Problem requirements: Give back an exact copy of the lines below, from the first through the line with "スズキ エブリイ   愛知県の詳細画像 その6"; please stop there.

*** Dataset Section Begins ***

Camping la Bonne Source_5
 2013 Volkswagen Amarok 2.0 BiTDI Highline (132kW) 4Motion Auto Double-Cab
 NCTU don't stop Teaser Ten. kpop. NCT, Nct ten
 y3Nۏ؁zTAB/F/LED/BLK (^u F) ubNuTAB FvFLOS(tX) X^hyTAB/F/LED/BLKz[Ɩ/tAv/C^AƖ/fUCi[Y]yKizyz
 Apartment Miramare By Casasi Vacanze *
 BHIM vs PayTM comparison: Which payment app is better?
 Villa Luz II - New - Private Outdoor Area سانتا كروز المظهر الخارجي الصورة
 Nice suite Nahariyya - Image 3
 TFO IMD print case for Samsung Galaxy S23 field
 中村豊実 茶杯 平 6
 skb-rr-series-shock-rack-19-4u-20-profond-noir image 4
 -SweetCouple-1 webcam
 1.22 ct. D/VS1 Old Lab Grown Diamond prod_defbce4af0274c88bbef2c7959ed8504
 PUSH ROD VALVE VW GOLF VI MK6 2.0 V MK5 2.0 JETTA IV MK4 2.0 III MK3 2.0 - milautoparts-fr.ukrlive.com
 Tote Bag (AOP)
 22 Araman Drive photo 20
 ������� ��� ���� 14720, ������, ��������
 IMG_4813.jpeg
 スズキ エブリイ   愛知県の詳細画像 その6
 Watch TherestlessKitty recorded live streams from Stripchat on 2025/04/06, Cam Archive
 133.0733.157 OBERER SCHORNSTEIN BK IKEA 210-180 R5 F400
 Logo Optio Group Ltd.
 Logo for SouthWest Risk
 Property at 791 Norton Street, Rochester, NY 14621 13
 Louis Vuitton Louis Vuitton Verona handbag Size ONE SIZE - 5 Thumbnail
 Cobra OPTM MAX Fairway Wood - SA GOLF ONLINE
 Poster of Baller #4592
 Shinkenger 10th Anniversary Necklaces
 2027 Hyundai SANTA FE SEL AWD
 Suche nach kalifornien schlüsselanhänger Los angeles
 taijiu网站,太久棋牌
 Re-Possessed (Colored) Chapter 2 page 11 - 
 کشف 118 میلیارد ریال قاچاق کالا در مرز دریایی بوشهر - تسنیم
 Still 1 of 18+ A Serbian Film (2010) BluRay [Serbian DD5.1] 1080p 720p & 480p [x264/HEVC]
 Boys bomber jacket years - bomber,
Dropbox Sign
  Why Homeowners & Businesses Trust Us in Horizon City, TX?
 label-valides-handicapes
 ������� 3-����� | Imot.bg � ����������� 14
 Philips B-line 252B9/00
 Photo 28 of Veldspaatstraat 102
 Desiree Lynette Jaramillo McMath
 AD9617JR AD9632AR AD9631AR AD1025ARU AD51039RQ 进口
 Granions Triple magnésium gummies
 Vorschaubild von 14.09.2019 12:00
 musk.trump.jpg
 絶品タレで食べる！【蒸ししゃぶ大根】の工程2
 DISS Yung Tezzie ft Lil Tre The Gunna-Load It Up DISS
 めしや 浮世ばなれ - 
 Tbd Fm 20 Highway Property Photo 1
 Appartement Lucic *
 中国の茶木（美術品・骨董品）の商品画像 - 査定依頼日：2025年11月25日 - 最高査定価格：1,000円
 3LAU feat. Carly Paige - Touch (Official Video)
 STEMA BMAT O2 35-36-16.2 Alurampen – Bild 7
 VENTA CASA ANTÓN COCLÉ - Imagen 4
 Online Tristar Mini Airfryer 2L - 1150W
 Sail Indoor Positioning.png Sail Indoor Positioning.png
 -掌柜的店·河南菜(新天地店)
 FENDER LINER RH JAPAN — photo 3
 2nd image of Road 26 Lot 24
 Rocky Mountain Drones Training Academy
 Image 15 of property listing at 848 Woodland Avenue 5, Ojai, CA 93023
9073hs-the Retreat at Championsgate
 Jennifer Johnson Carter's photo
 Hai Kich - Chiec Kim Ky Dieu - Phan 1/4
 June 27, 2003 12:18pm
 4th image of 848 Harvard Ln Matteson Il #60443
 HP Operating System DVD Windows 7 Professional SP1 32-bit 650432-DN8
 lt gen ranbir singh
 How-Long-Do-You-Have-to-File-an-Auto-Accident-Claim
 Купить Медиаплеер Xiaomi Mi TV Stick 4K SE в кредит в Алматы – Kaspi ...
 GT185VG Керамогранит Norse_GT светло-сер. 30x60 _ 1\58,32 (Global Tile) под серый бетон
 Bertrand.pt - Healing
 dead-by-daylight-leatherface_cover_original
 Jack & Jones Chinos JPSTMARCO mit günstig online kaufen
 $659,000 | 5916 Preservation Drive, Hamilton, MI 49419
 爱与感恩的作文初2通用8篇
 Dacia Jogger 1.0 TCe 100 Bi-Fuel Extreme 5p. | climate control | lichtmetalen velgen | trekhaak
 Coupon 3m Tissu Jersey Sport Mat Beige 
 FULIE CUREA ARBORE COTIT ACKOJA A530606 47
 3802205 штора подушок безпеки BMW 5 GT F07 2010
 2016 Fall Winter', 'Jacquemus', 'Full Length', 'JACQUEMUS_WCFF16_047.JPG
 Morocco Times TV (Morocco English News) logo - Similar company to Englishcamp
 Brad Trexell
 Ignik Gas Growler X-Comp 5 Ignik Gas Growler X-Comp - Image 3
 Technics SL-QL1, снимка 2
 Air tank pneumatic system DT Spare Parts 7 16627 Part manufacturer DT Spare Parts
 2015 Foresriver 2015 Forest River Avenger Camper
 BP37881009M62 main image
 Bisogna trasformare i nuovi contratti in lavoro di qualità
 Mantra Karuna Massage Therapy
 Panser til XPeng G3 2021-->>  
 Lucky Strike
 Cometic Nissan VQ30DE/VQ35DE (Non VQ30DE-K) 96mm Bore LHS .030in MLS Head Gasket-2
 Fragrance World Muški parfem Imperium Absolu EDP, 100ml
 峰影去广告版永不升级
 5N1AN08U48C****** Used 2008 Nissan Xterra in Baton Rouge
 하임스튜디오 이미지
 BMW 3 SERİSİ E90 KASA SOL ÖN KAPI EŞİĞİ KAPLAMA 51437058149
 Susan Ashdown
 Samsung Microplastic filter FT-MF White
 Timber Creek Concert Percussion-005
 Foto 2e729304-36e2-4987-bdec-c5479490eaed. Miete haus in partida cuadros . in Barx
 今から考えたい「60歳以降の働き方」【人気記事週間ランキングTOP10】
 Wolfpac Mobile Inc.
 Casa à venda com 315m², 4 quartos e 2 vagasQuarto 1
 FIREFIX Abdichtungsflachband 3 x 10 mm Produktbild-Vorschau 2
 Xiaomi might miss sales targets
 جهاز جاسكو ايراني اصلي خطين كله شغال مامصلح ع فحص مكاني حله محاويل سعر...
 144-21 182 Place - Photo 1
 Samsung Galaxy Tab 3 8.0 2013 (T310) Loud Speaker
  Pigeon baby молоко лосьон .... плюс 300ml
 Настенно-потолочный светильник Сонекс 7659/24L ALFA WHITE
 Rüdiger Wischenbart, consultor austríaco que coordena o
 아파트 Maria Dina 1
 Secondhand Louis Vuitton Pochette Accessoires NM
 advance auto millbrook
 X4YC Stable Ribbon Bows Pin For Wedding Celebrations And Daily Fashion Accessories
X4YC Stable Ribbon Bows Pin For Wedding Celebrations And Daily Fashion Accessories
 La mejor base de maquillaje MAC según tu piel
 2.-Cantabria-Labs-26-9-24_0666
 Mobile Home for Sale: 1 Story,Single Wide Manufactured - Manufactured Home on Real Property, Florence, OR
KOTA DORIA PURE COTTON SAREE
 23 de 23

*** Dataset Section Ends ***

Result:
Camping la Bonne Source_5
 2013 Volkswagen Amarok 2.0 BiTDI Highline (132kW) 4Motion Auto Double-Cab
 NCTU don't stop Teaser Ten. kpop. NCT, Nct ten
 y3Nۏ؁zTAB/F/LED/BLK (^u F) ubNuTAB FvFLOS(tX) X^hyTAB/F/LED/BLKz[Ɩ/tAv/C^AƖ/fUCi[Y]yKizyz
 Apartment Miramare By Casasi Vacanze *
 BHIM vs PayTM comparison: Which payment app is better?
 Villa Luz II - New - Private Outdoor Area سانتا كروز المظهر الخارجي الصورة
 Nice suite Nahariyya - Image 3
 TFO IMD print case for Samsung Galaxy S23 field
 中村豊実 茶杯 平 6
 skb-rr-series-shock-rack-19-4u-20-profond-noir image 4
 -SweetCouple-1 webcam
 1.22 ct. D/VS1 Old Lab Grown Diamond prod_defbce4af0274c88bbef2c7959ed8504
 PUSH ROD VALVE VW GOLF VI MK6 2.0 V MK5 2.0 JETTA IV MK4 2.0 III MK3 2.0 - milautoparts-fr.ukrlive.com
 Tote Bag (AOP)
 22 Araman Drive photo 20
 ������� ��� ���� 14720, ������, ��������
 IMG_4813.jpeg
 スズキ エブリイ   愛知県の詳細画像 その6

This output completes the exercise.